5 réponses à “J. Fourquet & J.-L. Cassely, La France sous nos yeux.

  1. Bourdieu, au delà d’une réflexion sur l’espace social dans la distinction, a également réfléchi dans les structures sociales de l’économie aux politiques publiques de promotion de la maison pavillonnaire…c’est intéressant de voir peut-être là aussi une postérité insoupçonnée de Bourdieu

    • @ madeleine : Oui, c’est un peu les conséquences de ce que Bourdieu avait vu se mettre en place dans les années 1970 via des politiques publiques ciblées vers l’accession à la propriété d’un pavillon. Cependant, en 2021, dans le présent livre, tout cela va de soi, il n’y a plus de politiques publiques, il y a juste le désir des individus d’avoir une maison individuelle avec jardin et piscine. Les auteurs n’ont pas trop envie de voir le côté structurel des choses, ils préfèrent se limiter aux choix individuels et à leurs conséquences visible, ce qui peu être vu comme une régression scientifique.

  2. Sébastien Micol

    Très intéressant, merci !

  3. A la lumière de votre compte-rendu, moi je trouve plutôt que les Français se contentent de peu : une petite maison avec un petit bout de terrain et une petite piscine, sans oublier la voiture qui va avec.
    Où est le mal ?
    Certes, tout cela coûte cher mais cela donne aussi une motivation pour travailler.
    Sans compter qu’un bout de terrain même modeste permet en théorie de produire des fruits et des légumes et donc de gagner en autonomie face « aux contraintes éventuelles d’une hausse du prix de l’énergie ou bien d’une détérioration des termes de l’échange international ».

    Jadis, le chanteur communiste Jean Ferrat déplorait qu’on puisse vivre dans de grands ensembles :
    « Il perd un jardin par semaine
    Mon petit coin là-bas près de la Seine
    Il perd chaque mois une friture
    Il y gagne quoi la blessure
    D’une maison de vingt étages
    Où l’on mettra les hommes en cage »

    Certes, la vie en immeuble a sûrement des avantages et est peut-être plus adaptée « aux contraintes éventuelles » que la vie en maison individuelle.
    Mais cela n’empêche visiblement pas les Français de retourner (partiellement) aux sources et de vouloir vivre dans une petite maison comme leurs ancêtres majoritairement paysans.
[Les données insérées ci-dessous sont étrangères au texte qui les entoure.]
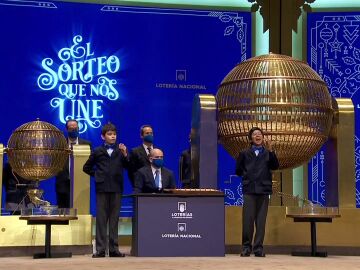 Vídeo: 19.517, tercer premio de la Lotería de Navidad 2021 Vídeo: 19.517, tercer premio de la Lotería de Navidad 2021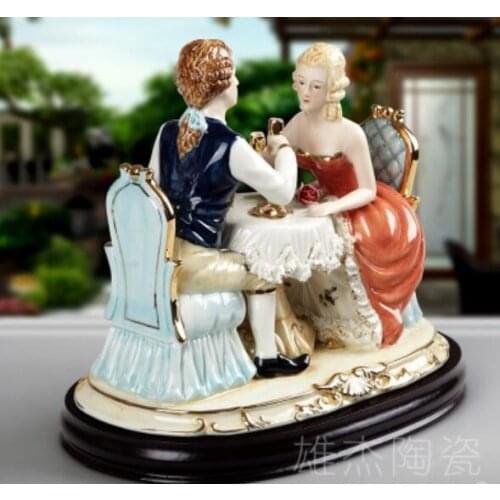 European Romantic Couple Ceramic Figures Arrangement Living Room Bedroom Wedding Room Decoration Wedding Creative Gifts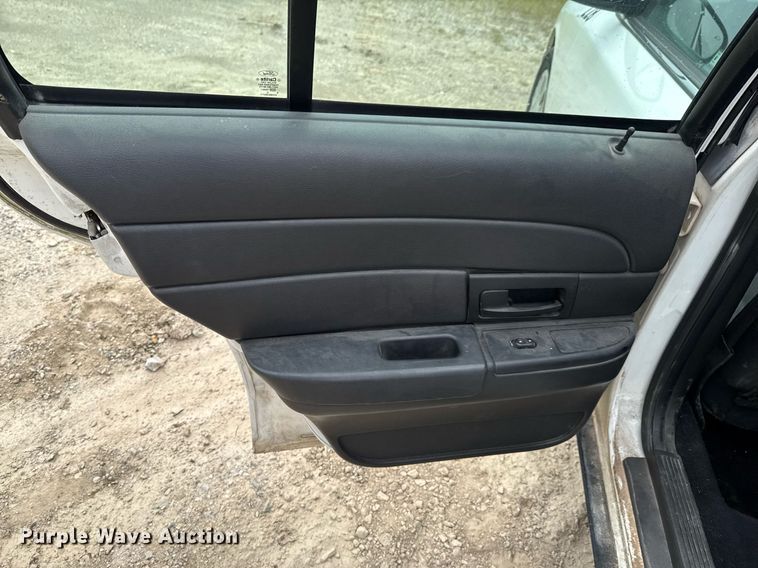 image for item DU9036 2006 Ford Crown Victoria Police Interceptor 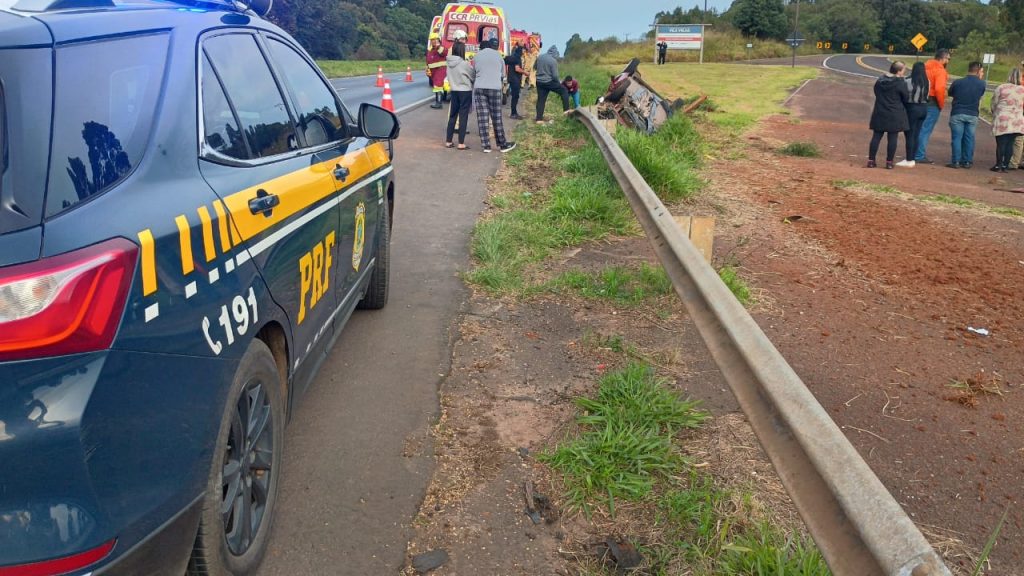 Carro capota na BR-376 após motorista perder o controle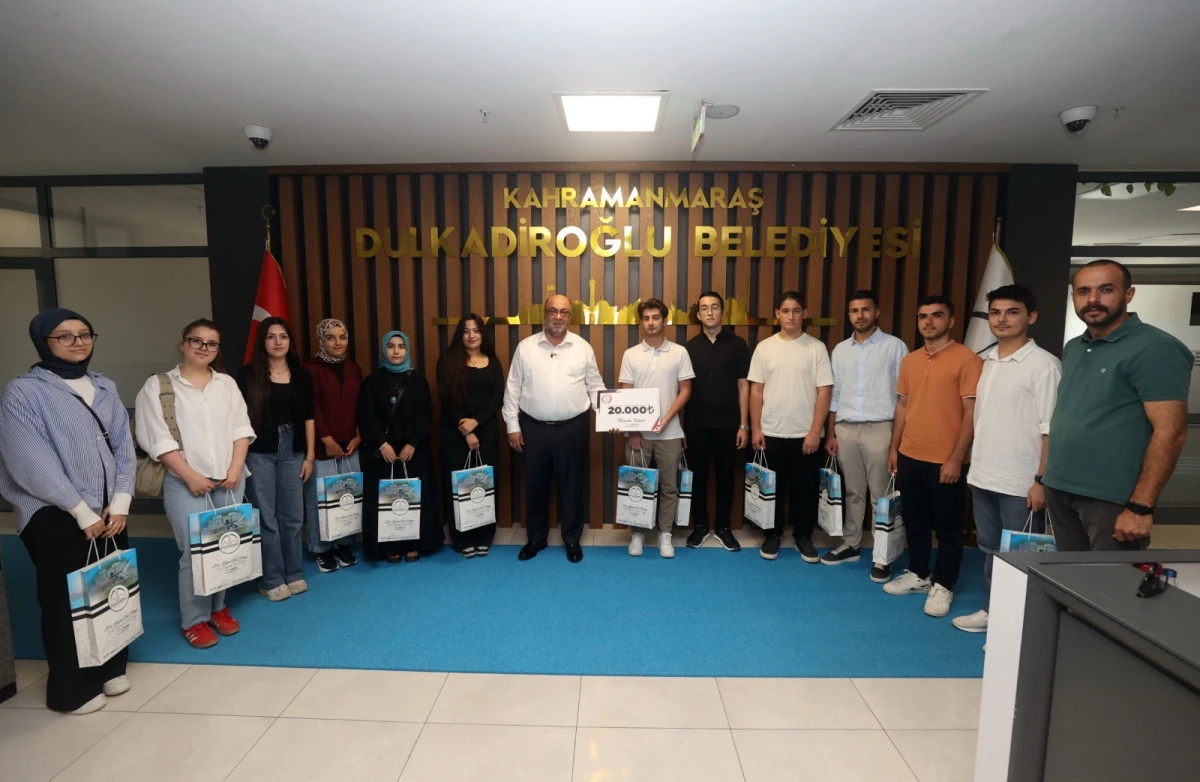 Dulkadiroğlu Belediyesi’nin Eğitim Yatırımı YKS’de Meyvesini Verdi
    • @ Eric Jean : Je ne crois pas avoir écrit le contraire: il y a bien un désir majoritaire de maison individuelle avec jardin. Il peut être aidé par des politiques publiques ou entravés, mais il existe bel et bien. Il ne correspond pas d’ailleurs qu’aux « Français de souche », puisque les populations immigrées le partagent dès qu’elles en ont les moyens économiques.

      Bien sûr, une maison individuelle permet de faire bien des choses très écologiques, mais a) il faut en avoir les moyens financiers (isolation par ex.) ou intellectuels (permaculture par ex.) b) la contrainte financière liée à l’usage obligatoire de l’automobile pour tout faire (travailler, étudier, faire ses courses, avoir des loisirs, etc.) l’emporte de loin sur cette possibilité de vie plus écologique. On le voit bien actuellement: le pouvoir d’achat est la première préoccupation des Français parce qu’en moyenne ces derniers sont des gens qui sont prisonniers de leur voiture qui consomme trop et de leur maison individuelle mal isolée. Il faudrait vraiment de très fortes politiques publiques pour que toute cette France-là en vienne à voir dans l’écologie politique une solution à leurs problèmes.